Swimming Ideas: Level 2
Streamlines, and the Crawls
Minimum Ages: 3 years old.
Participants should be able to stand on their own, understand language, and have control of their limbs, and ability to follow directions. Swimmer must be able to go underwater repeatedly on their own, and be comfortable doing things with the instructor.
Quick Test Criteria:
Can they swim front crawl on their own? If yes, probably level 3, is “no” likely level 2.
- Streamline 3 body lengths on both front and back (back can be in soldier)
- Streamline and then front crawl arms for 5 body lengths (total).

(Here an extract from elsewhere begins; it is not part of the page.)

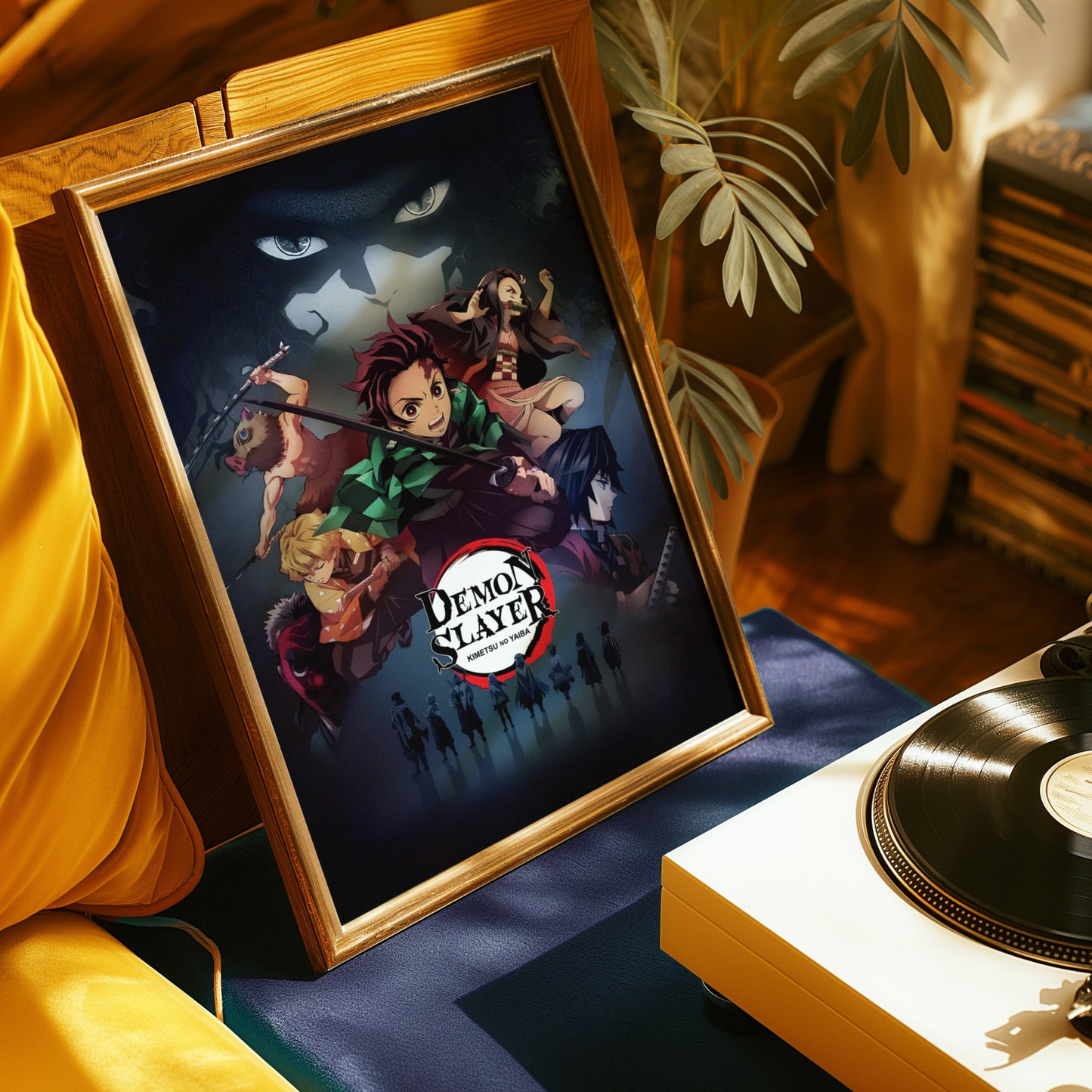 Demon Slayer Print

- Streamline and then back crawl arms for 5 body lengths
- Introduced to fly kick
Why are these skills in Level 2?
Going underwater is the keystone, the foundation upon which all other swimming is based. Gliding, and horizontal forward progress is the first step. Swimming Ideas focuses on teaching participants to move through the water efficiently and well. We want to establish habit and technique that swimmers can draw on naturally without thought. After the participant goes underwater in level 1, we introduce a huge amount of opportunities to flatten the body horizontally to move through the water well.

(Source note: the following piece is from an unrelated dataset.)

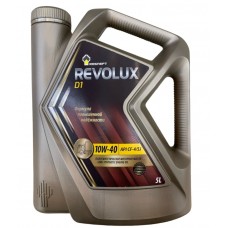 Роснефть Revolux D1 10w40 CF-4 полусинтетика  5л (мотор.масло)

Horizontal forward progress.
The first three skills in level 2 include streamline. This is a specific term meaning arms above the crown of the head, and the hands positioned in a specific way. We want to repeatedly, always, reinforce that a glide or a streamline comes before swimming. This is a habit we want to instill before swim team. It promotes efficient swimming and teaching movement without the need to swim. When we focus on streamline, focus on glides, then swimmers learn that they can move to safety without the need to move their arms. Those things certainly help, and are our goal to teach, but first we teach body line and position / posture that makes swimming easier.
Streamline + something. This is a formula we’ll use for lessons and for swim team. You get the first taste of it in level 2:
- streamline + front crawl arms
- streamline + back crawl arms
After the body line and the body posture is established and maintained while moving in the water unsupported, we introduce moving the arms to provide propulsion. Crucially remember that the specific form or technique of the arm strokes is not important. Let the arms move in gross large circular movements paying little attention to the specific pat the hands travel. We are focusing more on large motor movements where the arms generally move over the water and travel in the correct direction underwater.
Finally, we introduce fly kick here because it is fairly easy to do once demonstrated. When swimmers are able to move horizontally through the water keeping their body straight and still, they should be able to easily incorporate the undulating fly motion with their bodies. It can also be a fun skill to do in between the 30-50 front glides and back glides a participant will do in a typical 45 minute lesson.
- Various games, and activities around doing glides, moving through the water, traveling, and changing locations. Games will primarily be designed around personal challenges and group races.
- Jumps from the side. Swimmers should be jumping in on their own here.
- This is a good time to practice jumping in, recovering on own or with support and transitioning into a back float/glide, and then using kicks or arms to move to wall.
- Supported front glides with the instructor that transition over the course of the class to streamlines without support.
- Supported back glides with the instructor that transition over the course of the class to streamlines without support.
Every effort should be placed into letting swimmers do things on their own. Instructors should be constantly providing support and very slowly, incrementally over time, removing that support, or making the swimmer do just a tad little more on their own.
If you’re using benches, place them close together, and slowly, over time, move them farther and father apart. With one bench, have the instructor stand close, then take one step farther away each time, or over the series of lessons based on the comfort of the individual.
The second priority should be on repetition. Provide as many opportunities to do a glide as possible. We recommend you use the following formula to break up the monotony, and provide a habitual format for quick execution. This is also the same way we run our small groups on the swim team!
Everyone goes three times, streamline or front glide.
3 x streamline
Everyone goes five times, back and forth (Start on bench A, go to bench B, and then return to bench A, five times), streamline 1/2 way, and swim front crawl other 1/2.
5x streamline + front crawl
Go from the bench, to the wall, the move over and come back. On the way to the wall, streamline on belly and swim, then on way back, do back glide in soldier.
3 x streamline with front crawl to wall, then back glide back to bench.